Google macht die Suche zur Plattform für Künstliche Intelligenz, nicht nur zu einem Index für Links. Auf der Entwicklerkonferenz Google I/O kündigte der Konzern an, dass die klassische Trefferliste in Teilen von KI-gestützten Zusammenfassungen und stärker personifizierten Ergebnissen verdrängt wird. Besonders wichtig ist dabei die Kombination aus einem neuen Suchfeld, das sich flexibel an die Eingabe anpasst, und mehreren KI-Funktionen, die über Texte hinaus auch Bilder, Dateien und Videos in den Suchprozess einbeziehen sollen. Diese Strategie zielt auf eine neue Erwartungshaltung: Nutzer wollen schneller „fertige Antworten“ und weniger selbst kuratieren.
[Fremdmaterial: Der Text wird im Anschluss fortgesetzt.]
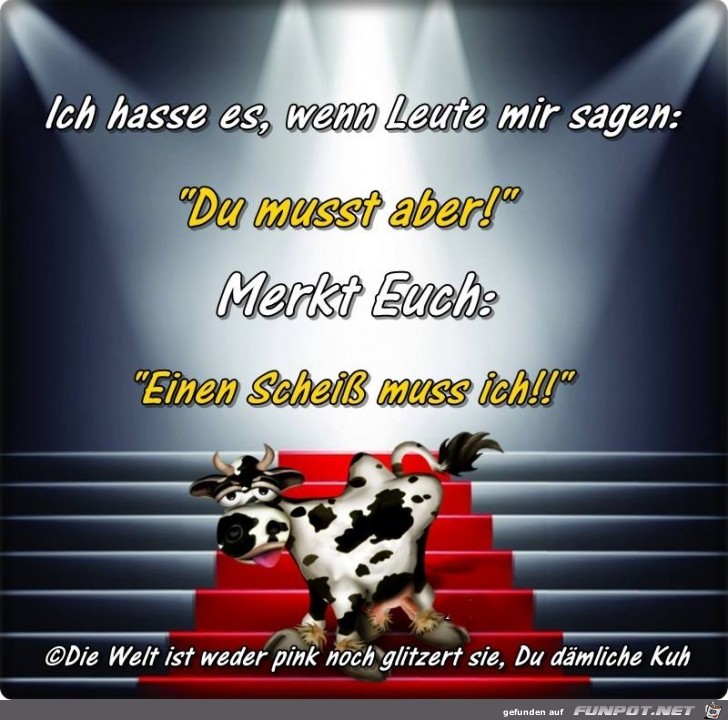 Hasse es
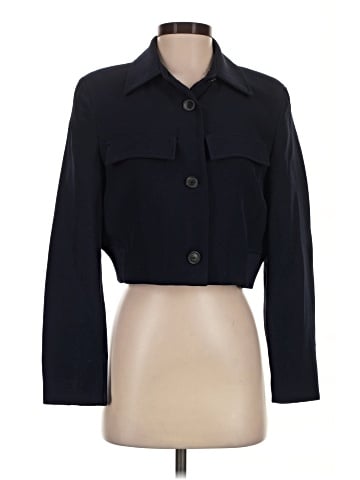 Zara Jacket (view 1)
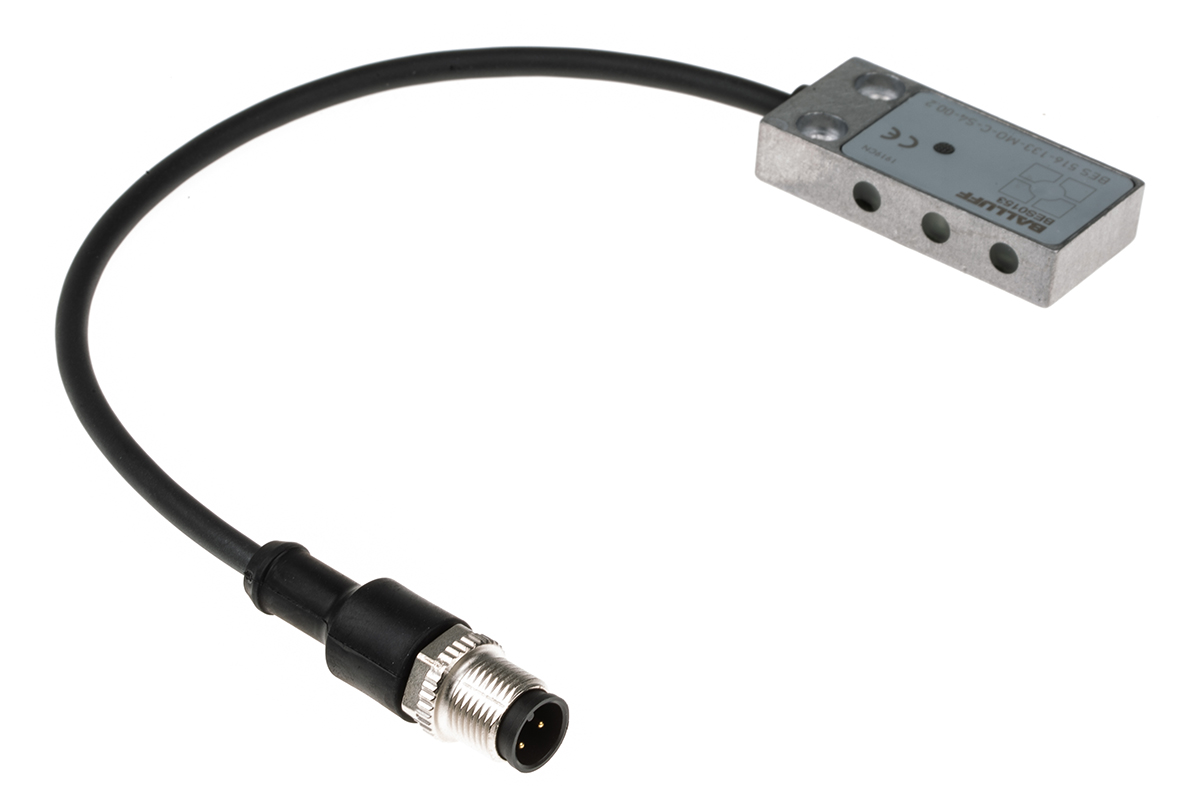 BES 516-133-MO-C-S4-00,2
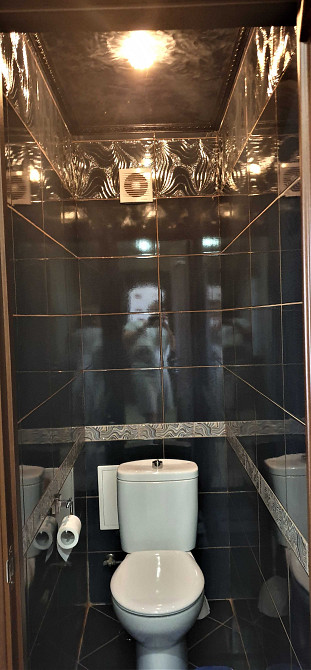 Здам в оренду 4:кімнатну квартиру Млинов - изображение 5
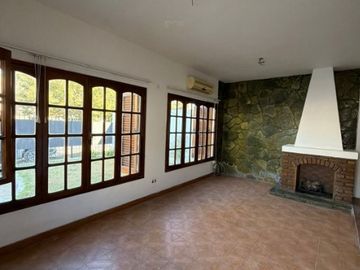 Chalet en venta en Paso del Rey Norte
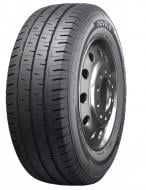 Шина Rovelo 195/80 R15 106/104 S нешипованая лето
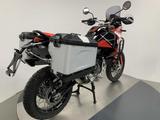 Ducati DesertX Discovery *4 Jahre Garantie* - DUCATI DESERTX DISCOVERY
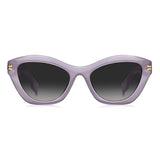 Ladies' Sunglasses Marc Jacobs MJ-1082-S-789 Ø 53 mm-1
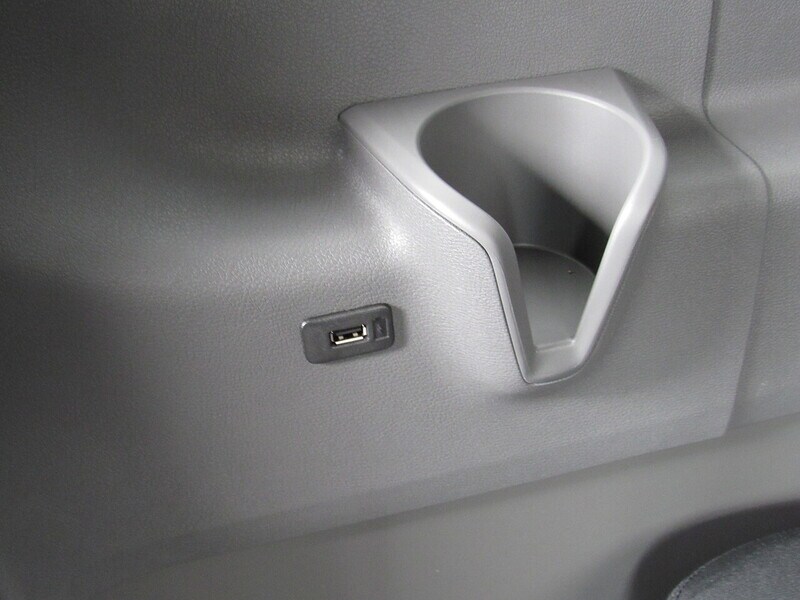 Used Ford Transit 2024 for sale - 76027065: Photo 20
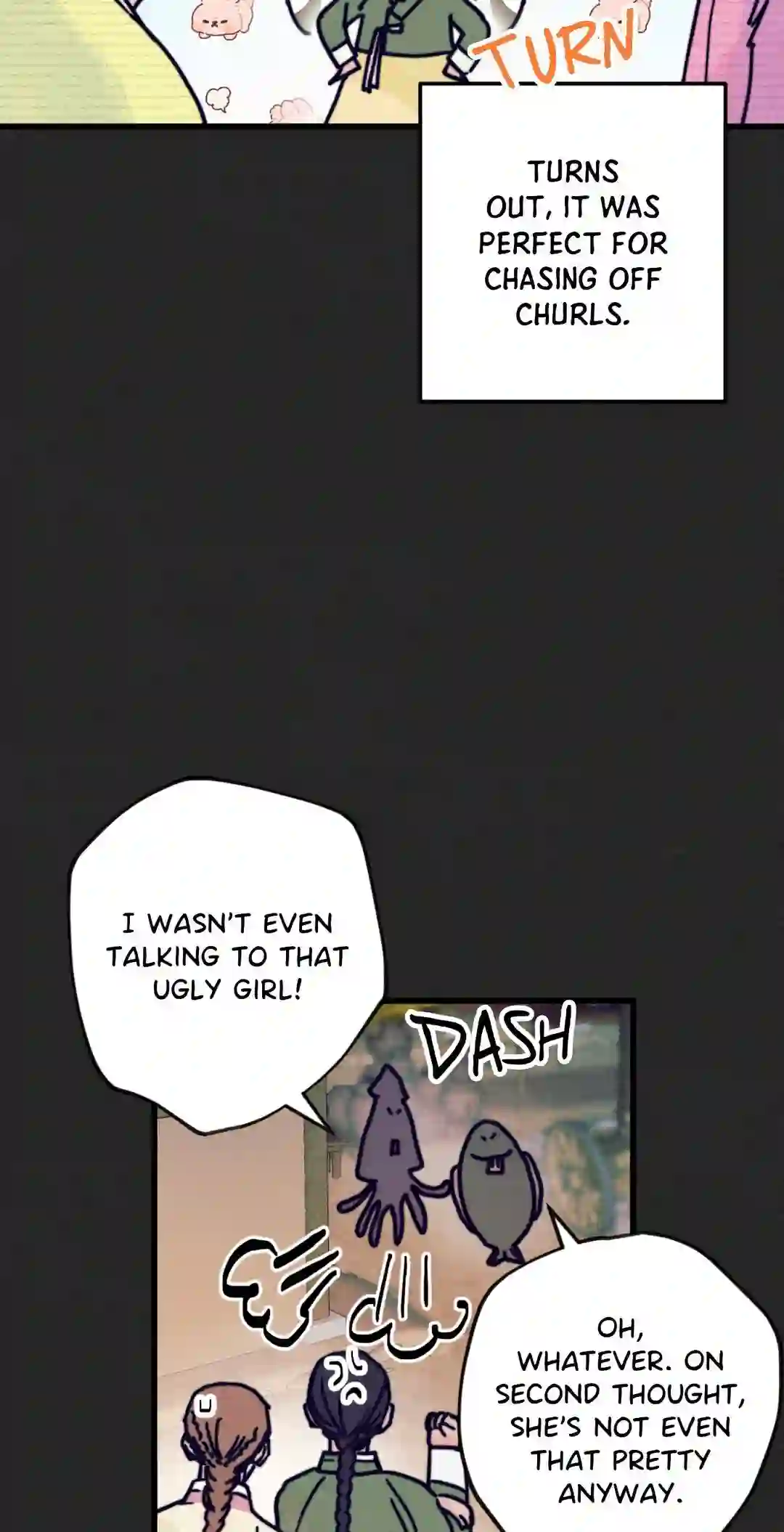 A May Wedding chapter 1 page 56
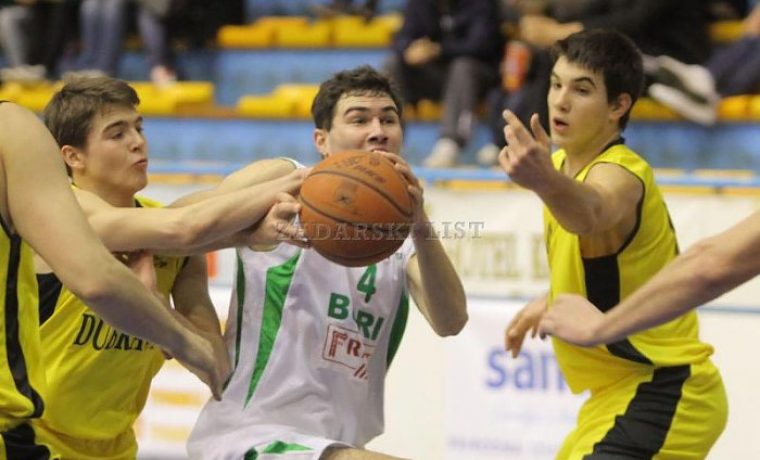 ivan_mikulic_v0002_1297840883.jpg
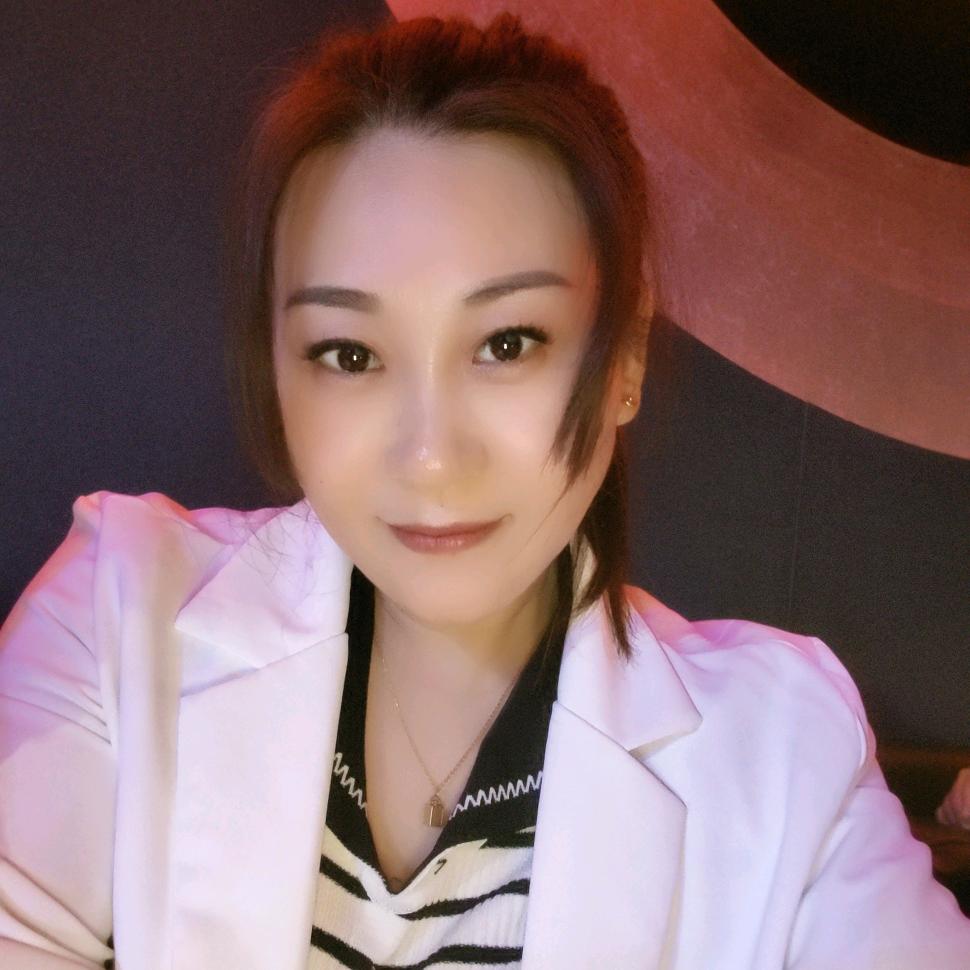 梅姐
Technisch knüpft Google an Muster an, die in den letzten Jahren in der KI-Landschaft erkennbar wurden: Multimodalität, dialogorientierte Generierung und agentische Workflows. Hintergrund ist, dass moderne KI-Systeme Inhalte über verschiedene Modalitäten hinweg verarbeiten können und dabei häufig auf Transformer-Architekturen sowie leistungsfähige Inferenzpipelines setzen. In der Praxis bedeutet das, dass die Suche nicht nur Dokumente rankt, sondern Interpretationen zu einer Anfrage bildet und die Präsentation der Antwort dynamisch anpasst. Die Idee eines „intelligenten Formats pro Anfrage“ lässt sich als Orchestrierung verschiedener KI-Komponenten verstehen, die abhängig vom Kontext unterschiedliche Ausgabeformen wählen.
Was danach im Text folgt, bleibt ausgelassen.